Labour Minister Chalerm Yoobamrung, who is charge of the operation, said the government would continue with its operation and try to reclaim five protest sites next week.
“This gathering has caused distress to others...that’s why we have to reclaim the sites starting next week,” Chalerm said at a news conference on Sunday.
The security operation has so far avoided larger sites in the city centre occupied by the main protest group, the People’s Democratic Reform Committee (PDRC), focusing instead on state offices on the outskirts of Bangkok.
Authorities say the protest movement is dwindling in size, giving security forces an opportunity to try to re-open major thoroughfares and remove barricades that have blocked access to ministries and prevented the government from functioning fully.

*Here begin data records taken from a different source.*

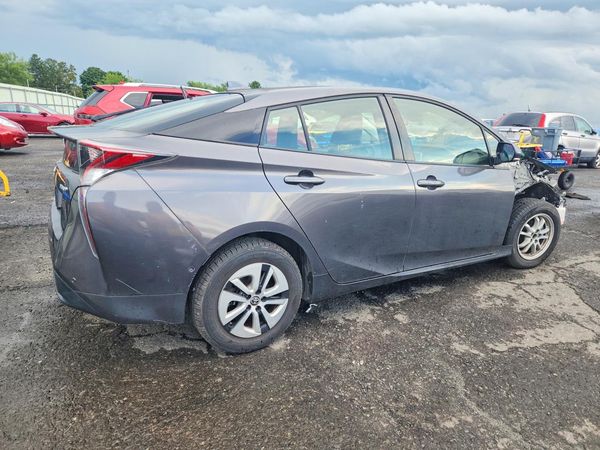 2017 TOYOTA PRIUS
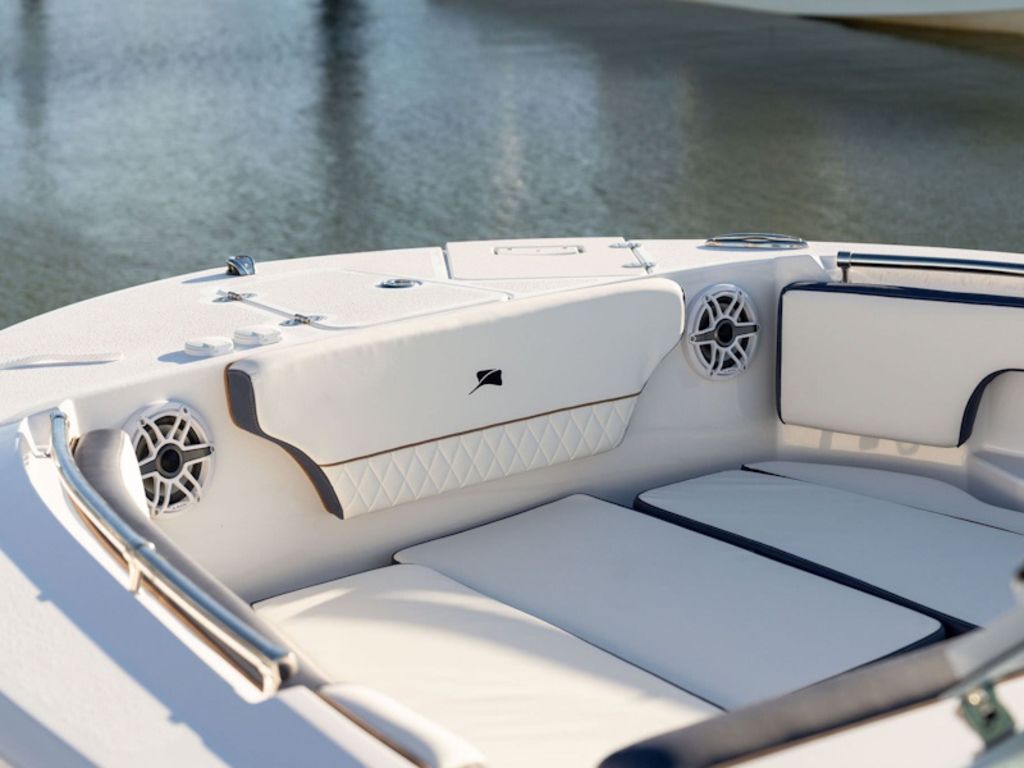 2027 Stingray 26DC Base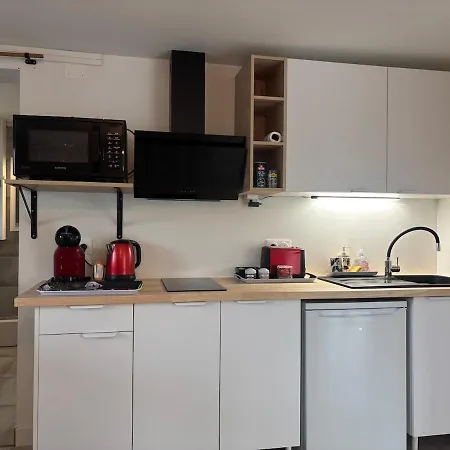 Independent With Terrace And Garden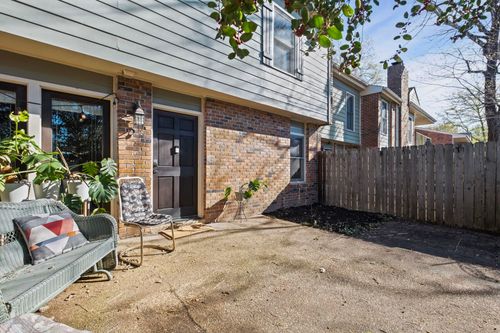 a-1672 Central Ave, Memphis, TN, 38104-5005 | Card Image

Security forces put up little resistance when protesters moved to occupy ministries and major intersections over the past few months, but despite efforts to show restraint 11 people have been killed and hundreds hurt in sporadic violence since the protests began in November.
The protests are the latest episode in an eight-year conflict that broadly pits Bangkok’s middle class and royalist establishment against supporters of Yingluck and her brother, former premier Thaksin Shinawatra. An election on February 2 failed to break the deadlock.
Protesters, aligned with the opposition Democrat Party, blocked voting in a fifth of constituencies, a result that left parliament without a quorum to approve a new government.
The protesters are demanding that Yingluck resign to make way for an appointed “people’s council” to overhaul a political system they say has been tainted by her brother, who lives in exile abroad to avoid a jail term for graft.
Thailand’s Election Commission will meet with government representatives on Monday to discuss how to complete voting that has been marred by violence and resistance from protesters.
The commission has said it will try to hold elections on April 27 in areas where the February vote was disrupted.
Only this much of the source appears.